About this task - Restate word for word the lines below, from the one containing "SideFX Houdini 20.0.547 x64 Win/Lnx" through the final line, with no pictures included.

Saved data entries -
----------
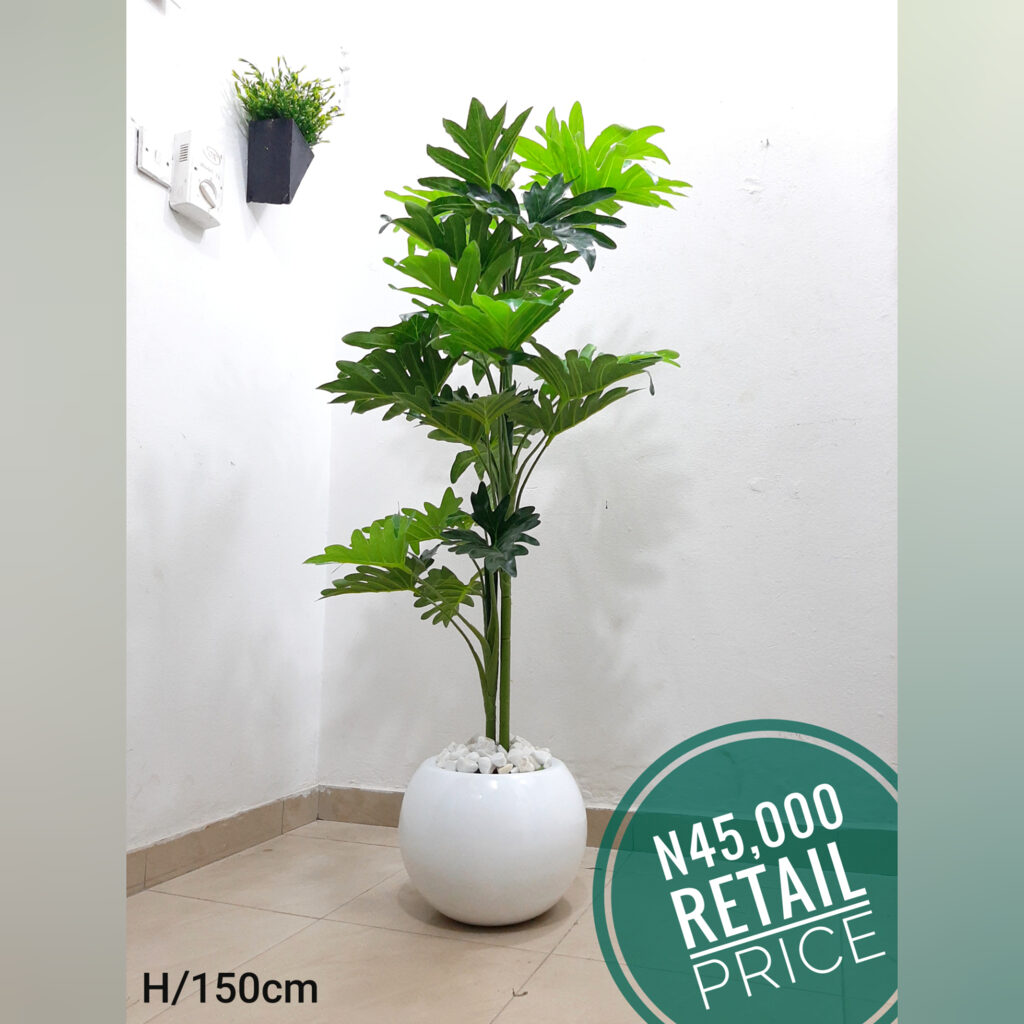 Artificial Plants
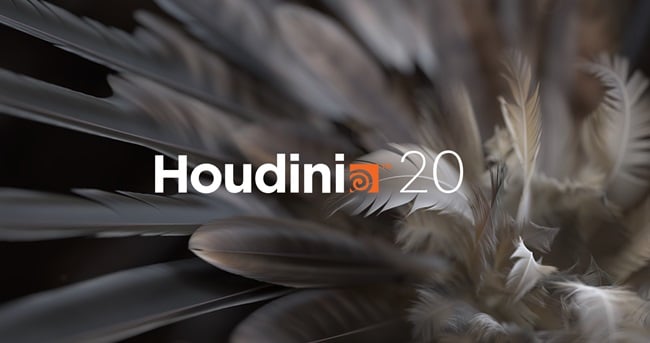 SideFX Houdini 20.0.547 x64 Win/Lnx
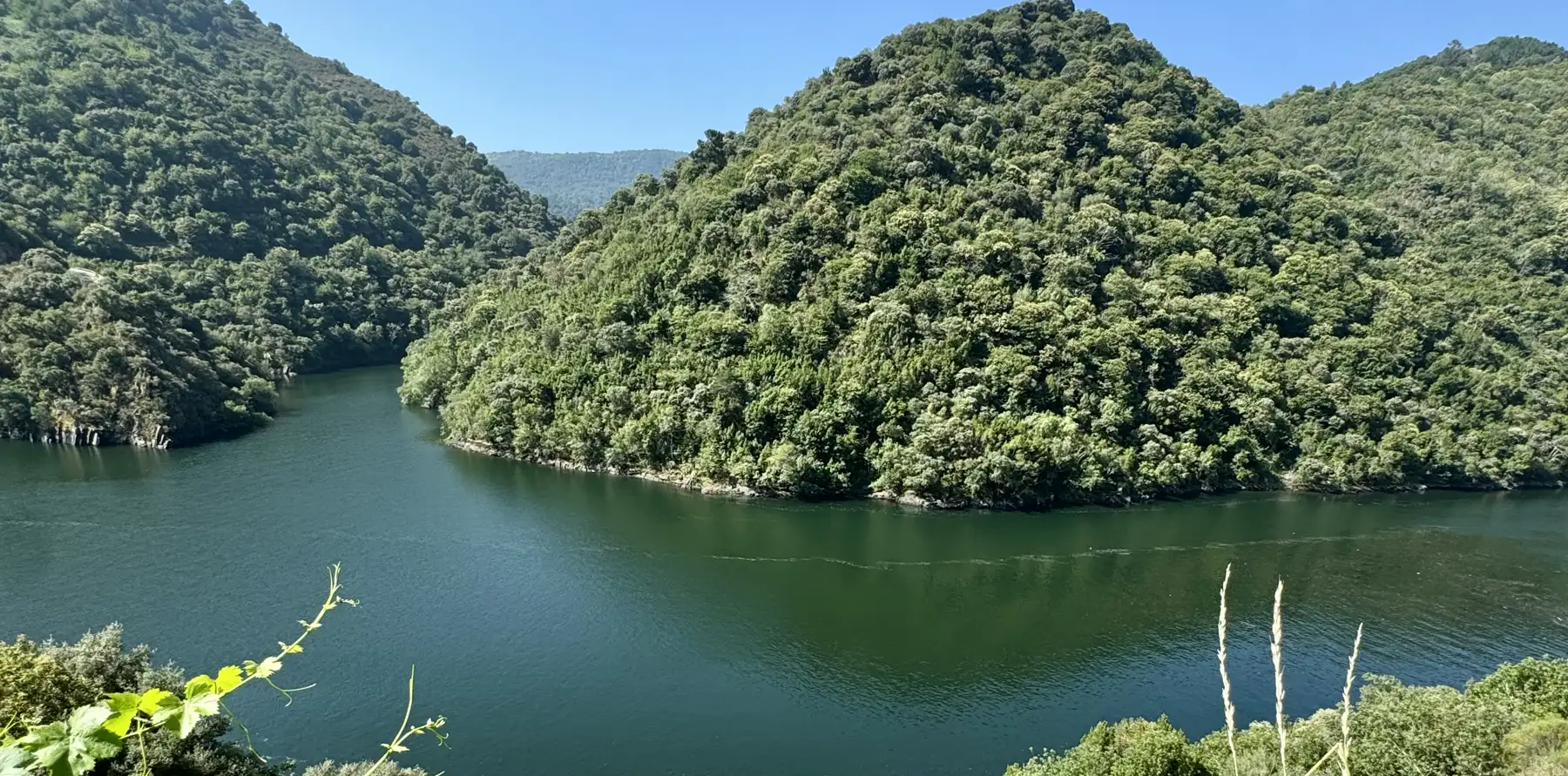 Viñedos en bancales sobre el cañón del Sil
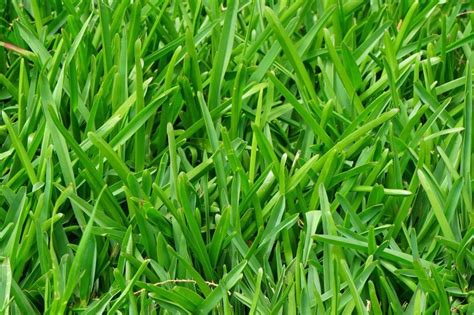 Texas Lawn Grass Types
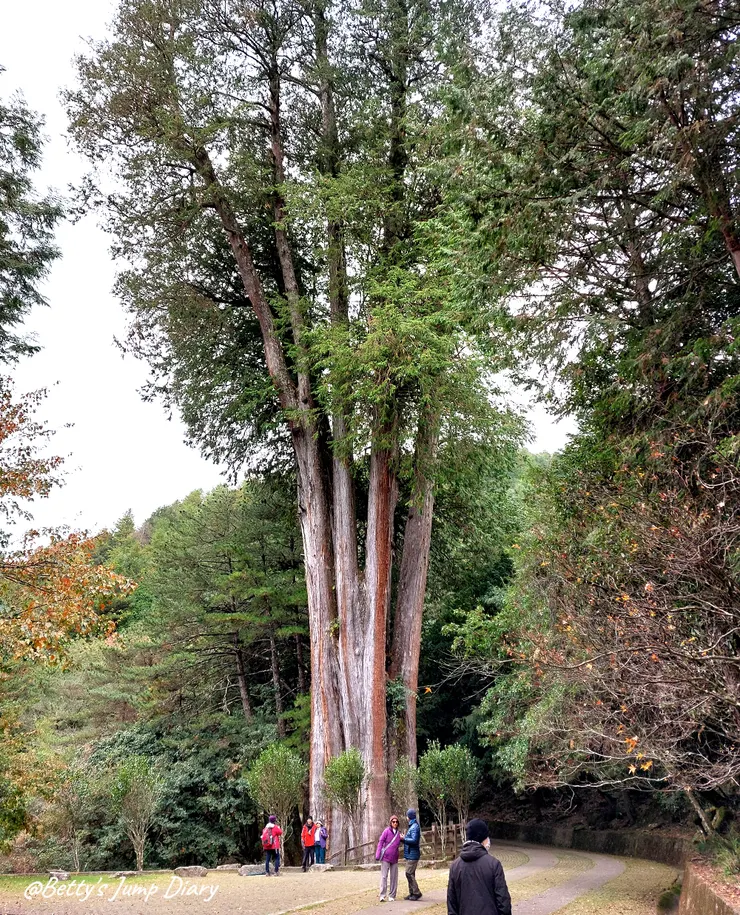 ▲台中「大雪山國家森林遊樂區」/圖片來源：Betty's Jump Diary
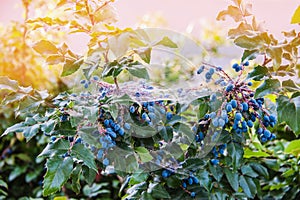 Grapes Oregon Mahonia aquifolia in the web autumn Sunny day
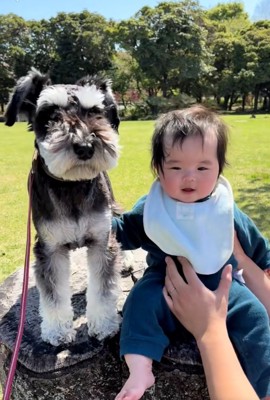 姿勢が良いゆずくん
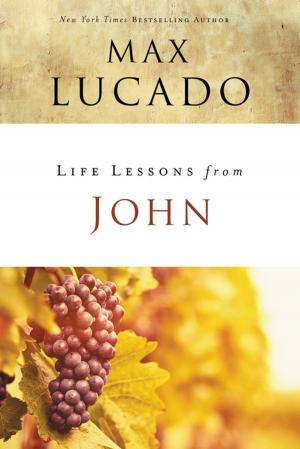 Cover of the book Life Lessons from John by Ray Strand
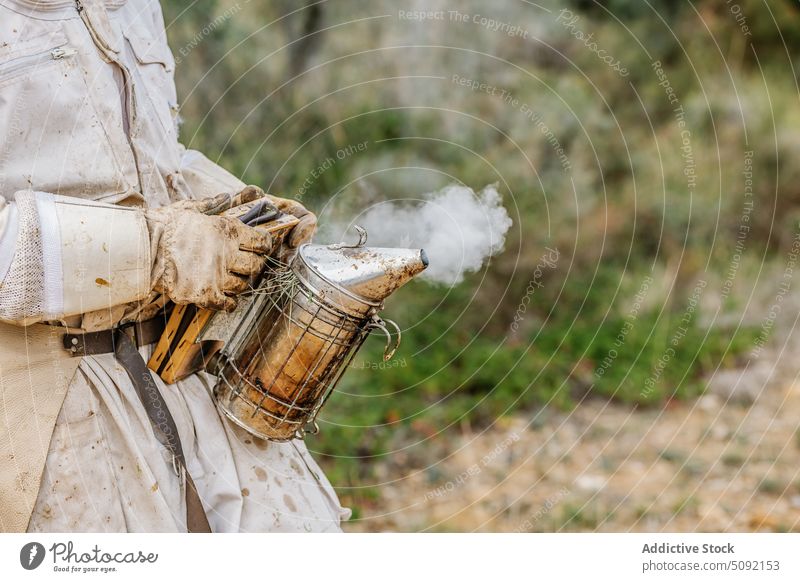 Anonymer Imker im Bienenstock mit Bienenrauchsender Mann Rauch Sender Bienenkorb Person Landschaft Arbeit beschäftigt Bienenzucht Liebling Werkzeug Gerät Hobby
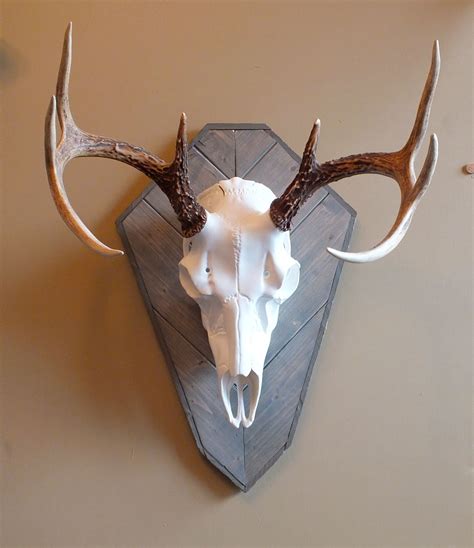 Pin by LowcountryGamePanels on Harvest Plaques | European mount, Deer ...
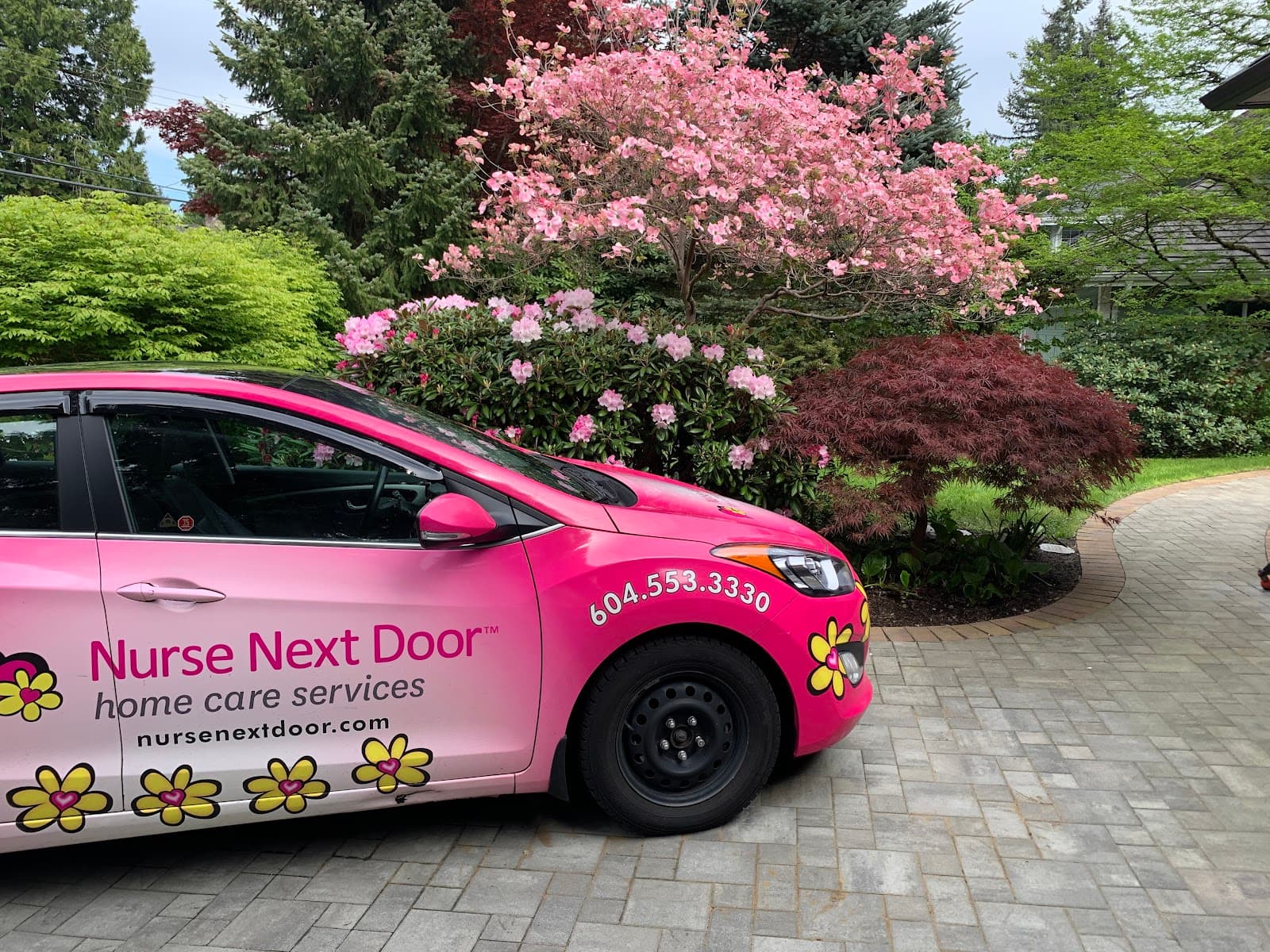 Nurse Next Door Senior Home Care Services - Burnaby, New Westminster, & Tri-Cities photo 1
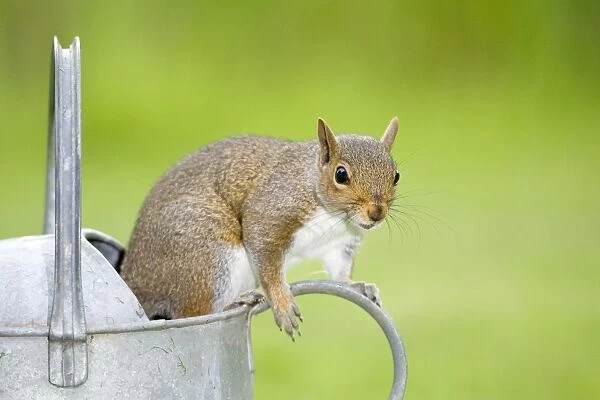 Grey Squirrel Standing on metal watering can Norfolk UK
----------
Solution -
 SideFX Houdini 20.0.547 x64 Win/Lnx
 Viñedos en bancales sobre el cañón del Sil
 Texas Lawn Grass Types
 ▲台中「大雪山國家森林遊樂區」/圖片來源：Betty's Jump Diary
 Grapes Oregon Mahonia aquifolia in the web autumn Sunny day
 姿勢が良いゆずくん
 Cover of the book Life Lessons from John by Ray Strand
 Anonymer Imker im Bienenstock mit Bienenrauchsender Mann Rauch Sender Bienenkorb Person Landschaft Arbeit beschäftigt Bienenzucht Liebling Werkzeug Gerät Hobby
 Pin by LowcountryGamePanels on Harvest Plaques | European mount, Deer ...
 Nurse Next Door Senior Home Care Services - Burnaby, New Westminster, & Tri-Cities photo 1
 Grey Squirrel Standing on metal watering can Norfolk UK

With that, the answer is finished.